Heather Mann sits at a table on Haley Concourse on Oct. 13, 2021.
Heather Mann sits at a table on Haley Concourse on Oct. 13, 2021.

October is LGBT History Month, which celebrates the history of LGBT people and civil rights movements. National Coming Out Day was Oct. 11.

For many LGBT people, coming out is a difficult and stressful experience to prepare for, if they even get to make the choice themselves. Coming out requires vulnerability and risks rejection from friends or family. Often, LGBT people come out to those closest to them first.

Heather Mann, who identifies as bisexual, first came out to her friends in high school. Her main worry wasn’t on whether they would reject her, since she had known them for a few years and knew how they felt.

“It was less a matter of worrying what they were going to say and more of a matter of saying it out loud to other people would make it official,” Mann said. “That feeling of once I tell other people out loud in words, then it’s a real thing.”

Mann’s family lives with her deeply religious grandparents. Her grandfather is a pastor at a small Baptist Church. Her father is Catholic and heavily involved in his church. She still hasn’t come out to them but plans to soon.

Growing up in this split household, Mann would spend Sundays listening to her grandfather preach on Sundays and spent Wednesday nights with a youth group at the Catholic Church. In recent years, she said her grandfather’s preaching has become more antagonistic and hostile towards LGBT people.

“It used to be the kind of stuff that if my friends ended up spending the night on Saturday, I would feel perfectly fine inviting them along to church Sunday morning,” she said. “I wouldn’t even try to do that now. Almost every sermon he has turns into the sort of fire and brimstone, ‘Homosexuals are going to hell and abortion is killing all of our precious saints.’”

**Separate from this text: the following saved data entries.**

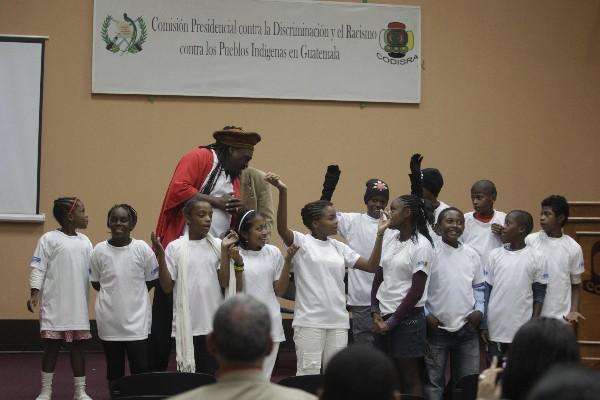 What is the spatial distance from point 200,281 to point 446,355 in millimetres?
1486

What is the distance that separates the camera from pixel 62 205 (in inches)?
201

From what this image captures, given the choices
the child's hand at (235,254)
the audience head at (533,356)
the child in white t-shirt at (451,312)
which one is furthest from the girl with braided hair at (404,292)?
the audience head at (533,356)

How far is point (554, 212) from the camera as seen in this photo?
16.8ft

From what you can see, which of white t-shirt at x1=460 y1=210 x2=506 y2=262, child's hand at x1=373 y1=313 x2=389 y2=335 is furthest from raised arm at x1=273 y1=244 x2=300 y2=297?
white t-shirt at x1=460 y1=210 x2=506 y2=262

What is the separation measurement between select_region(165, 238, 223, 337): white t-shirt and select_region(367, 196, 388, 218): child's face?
4.57 feet

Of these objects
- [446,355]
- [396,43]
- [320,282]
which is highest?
[396,43]

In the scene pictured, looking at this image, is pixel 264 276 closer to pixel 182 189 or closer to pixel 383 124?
pixel 182 189

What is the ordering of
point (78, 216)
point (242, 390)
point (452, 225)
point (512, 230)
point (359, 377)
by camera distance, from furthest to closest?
point (78, 216) → point (512, 230) → point (452, 225) → point (242, 390) → point (359, 377)

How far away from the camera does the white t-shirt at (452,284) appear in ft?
15.5

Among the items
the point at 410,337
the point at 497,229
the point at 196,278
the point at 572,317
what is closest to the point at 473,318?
the point at 410,337

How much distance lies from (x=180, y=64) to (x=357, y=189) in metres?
1.94

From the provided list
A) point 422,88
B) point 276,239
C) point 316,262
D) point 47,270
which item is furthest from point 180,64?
point 316,262

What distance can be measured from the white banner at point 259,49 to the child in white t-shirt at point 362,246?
218 centimetres

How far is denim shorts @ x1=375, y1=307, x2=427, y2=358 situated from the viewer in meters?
4.57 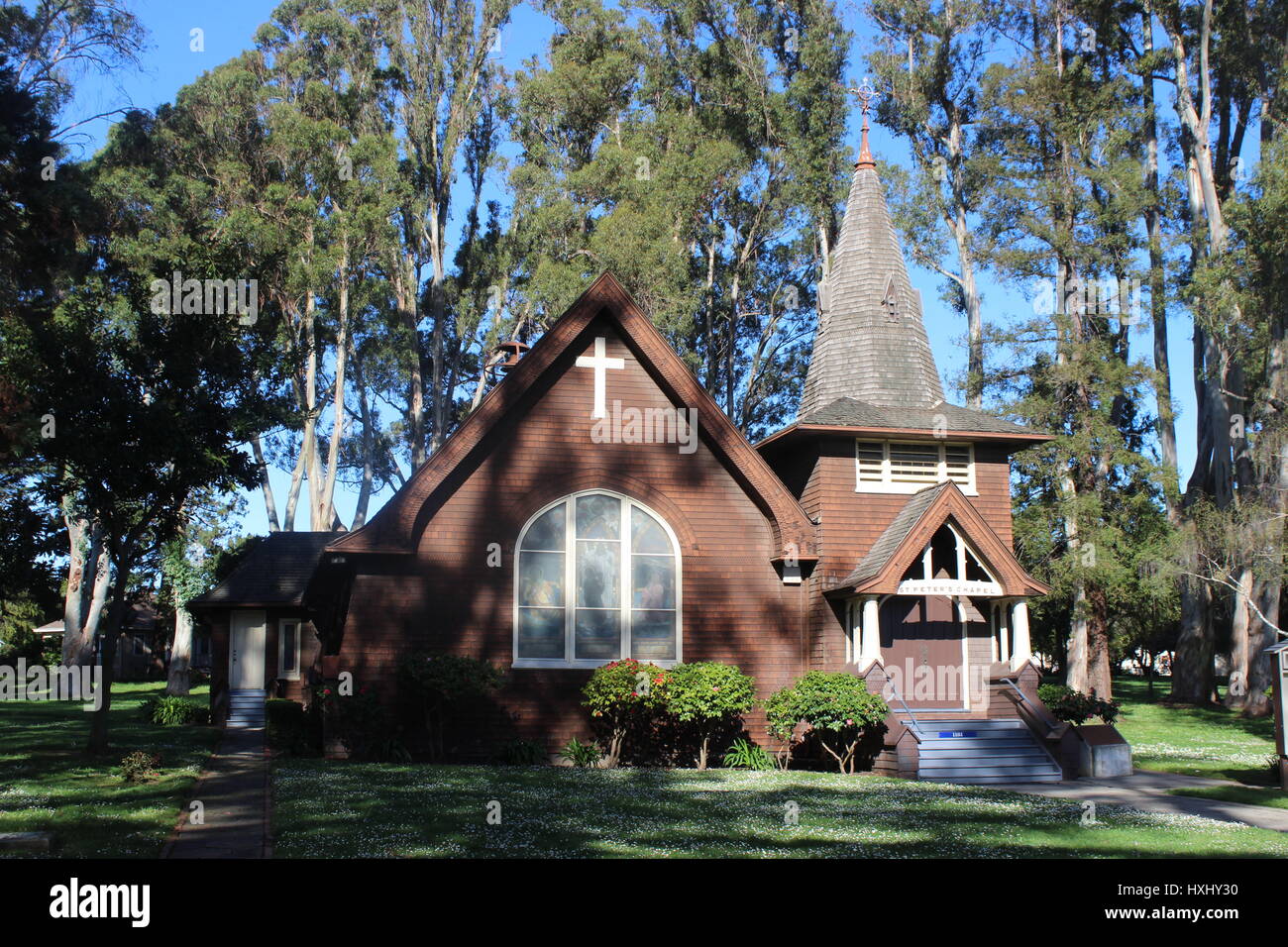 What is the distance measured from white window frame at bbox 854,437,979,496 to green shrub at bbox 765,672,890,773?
3751 millimetres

Mann said she rarely goes go to church anymore. She tells her parents she watches them online, but listening to her grandfather preach on things like homosexuality and damnation has affected her relationship with church as a whole.

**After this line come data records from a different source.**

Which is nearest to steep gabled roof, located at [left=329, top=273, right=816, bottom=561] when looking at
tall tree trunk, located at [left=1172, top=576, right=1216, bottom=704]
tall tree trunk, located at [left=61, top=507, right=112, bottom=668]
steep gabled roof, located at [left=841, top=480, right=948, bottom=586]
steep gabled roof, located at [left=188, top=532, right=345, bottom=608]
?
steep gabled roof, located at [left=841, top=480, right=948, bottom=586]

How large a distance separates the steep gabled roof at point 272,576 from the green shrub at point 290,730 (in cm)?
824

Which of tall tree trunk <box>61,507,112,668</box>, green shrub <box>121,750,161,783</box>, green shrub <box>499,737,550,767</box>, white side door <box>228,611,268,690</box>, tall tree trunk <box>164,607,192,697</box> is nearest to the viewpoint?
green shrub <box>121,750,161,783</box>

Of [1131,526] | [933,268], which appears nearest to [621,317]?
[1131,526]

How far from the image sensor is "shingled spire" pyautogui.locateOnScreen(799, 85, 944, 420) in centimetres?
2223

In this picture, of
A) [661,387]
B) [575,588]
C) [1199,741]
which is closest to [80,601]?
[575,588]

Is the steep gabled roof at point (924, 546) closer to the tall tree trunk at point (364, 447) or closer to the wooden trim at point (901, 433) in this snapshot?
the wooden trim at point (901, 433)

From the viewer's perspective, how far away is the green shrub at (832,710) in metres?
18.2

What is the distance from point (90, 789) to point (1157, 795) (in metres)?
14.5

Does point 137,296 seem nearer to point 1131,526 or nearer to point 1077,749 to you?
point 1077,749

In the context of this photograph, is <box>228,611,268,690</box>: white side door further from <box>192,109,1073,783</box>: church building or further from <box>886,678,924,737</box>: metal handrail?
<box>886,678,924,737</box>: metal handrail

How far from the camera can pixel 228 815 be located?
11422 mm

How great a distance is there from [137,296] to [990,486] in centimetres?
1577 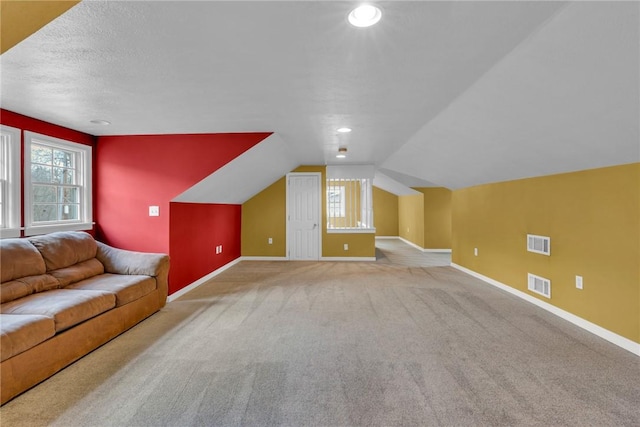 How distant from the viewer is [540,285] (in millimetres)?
3715

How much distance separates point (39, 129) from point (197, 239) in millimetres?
2264

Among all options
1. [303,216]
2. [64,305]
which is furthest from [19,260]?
[303,216]

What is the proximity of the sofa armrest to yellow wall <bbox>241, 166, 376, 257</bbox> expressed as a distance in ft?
11.2

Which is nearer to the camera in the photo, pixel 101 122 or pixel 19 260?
pixel 19 260

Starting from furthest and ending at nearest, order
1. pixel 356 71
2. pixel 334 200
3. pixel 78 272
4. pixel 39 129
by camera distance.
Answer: pixel 334 200 → pixel 39 129 → pixel 78 272 → pixel 356 71

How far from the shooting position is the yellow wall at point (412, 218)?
8.92m

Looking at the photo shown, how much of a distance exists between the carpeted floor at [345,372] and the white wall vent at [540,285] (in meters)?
0.23

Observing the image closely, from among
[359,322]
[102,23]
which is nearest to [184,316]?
[359,322]

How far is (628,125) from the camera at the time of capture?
2170mm

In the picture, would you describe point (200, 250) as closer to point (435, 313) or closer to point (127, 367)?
point (127, 367)

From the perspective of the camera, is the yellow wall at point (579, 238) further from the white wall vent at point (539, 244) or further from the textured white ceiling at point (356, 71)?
the textured white ceiling at point (356, 71)

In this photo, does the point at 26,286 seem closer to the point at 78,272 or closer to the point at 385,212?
the point at 78,272

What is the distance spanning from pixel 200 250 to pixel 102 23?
370 centimetres

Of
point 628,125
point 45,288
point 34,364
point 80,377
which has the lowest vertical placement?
point 80,377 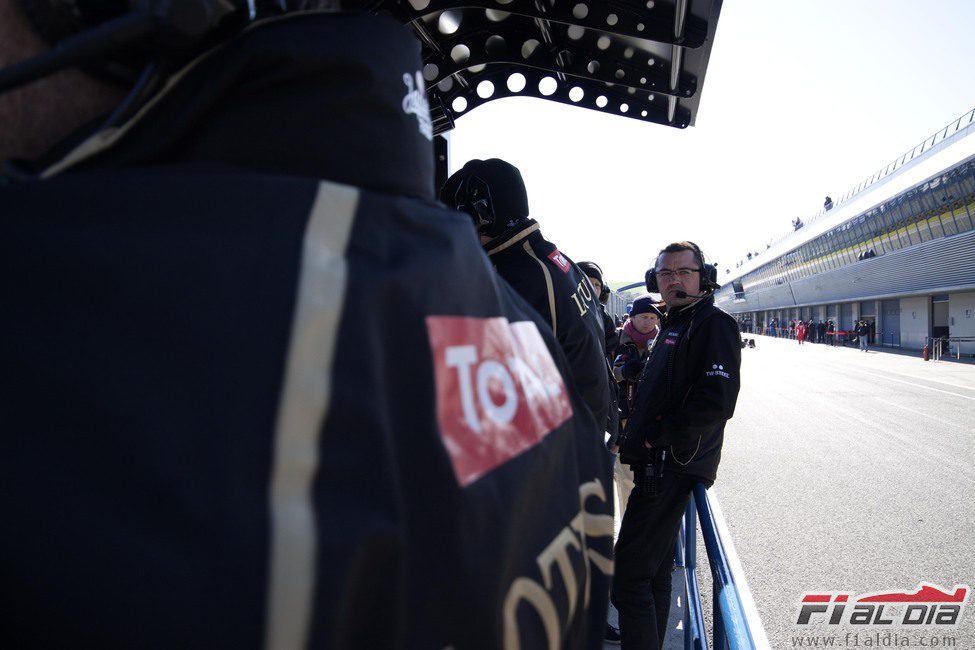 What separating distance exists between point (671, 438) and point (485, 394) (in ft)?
9.08

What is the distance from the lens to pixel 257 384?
0.44 metres

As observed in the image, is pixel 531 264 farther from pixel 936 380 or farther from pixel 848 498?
pixel 936 380

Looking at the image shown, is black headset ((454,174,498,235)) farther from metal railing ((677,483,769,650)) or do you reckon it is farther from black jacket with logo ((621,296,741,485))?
black jacket with logo ((621,296,741,485))

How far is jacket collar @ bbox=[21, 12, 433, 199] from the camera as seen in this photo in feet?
1.85

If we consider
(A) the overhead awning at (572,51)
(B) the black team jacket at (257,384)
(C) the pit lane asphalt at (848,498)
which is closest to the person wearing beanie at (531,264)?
(A) the overhead awning at (572,51)

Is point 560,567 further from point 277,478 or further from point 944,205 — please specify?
point 944,205

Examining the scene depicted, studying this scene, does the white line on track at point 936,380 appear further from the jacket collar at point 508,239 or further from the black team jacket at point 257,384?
the black team jacket at point 257,384

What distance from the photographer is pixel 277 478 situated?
43cm

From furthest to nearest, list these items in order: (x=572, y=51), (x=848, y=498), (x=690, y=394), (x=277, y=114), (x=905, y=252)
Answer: (x=905, y=252), (x=848, y=498), (x=690, y=394), (x=572, y=51), (x=277, y=114)

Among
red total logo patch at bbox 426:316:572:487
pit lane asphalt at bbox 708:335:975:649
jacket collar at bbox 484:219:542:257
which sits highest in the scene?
jacket collar at bbox 484:219:542:257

“It’s one thing to have a message that you’re bold and passionate about, but when that passion is furious and inconsolable rage over everything that is my life and makes me happy and purposeful — experiencing that every Sunday at my papa’s sermons kind of spoiled the entire Sunday morning service for me,” she said. “The experience of going to church on Sunday mornings and sitting in the pews and listening to someone I love tell his entire congregation that people like me are the reason why our world is going to hell in a handbasket kind of ruined the experience.”

As her grandparents have become more vocally against LGBT people, she said it’s created a lot of distance between them and her. She used to want her grandfather to officiate her wedding, but now she has a girlfriend. If they were to get married, she isn’t even sure she could invite her grandparents.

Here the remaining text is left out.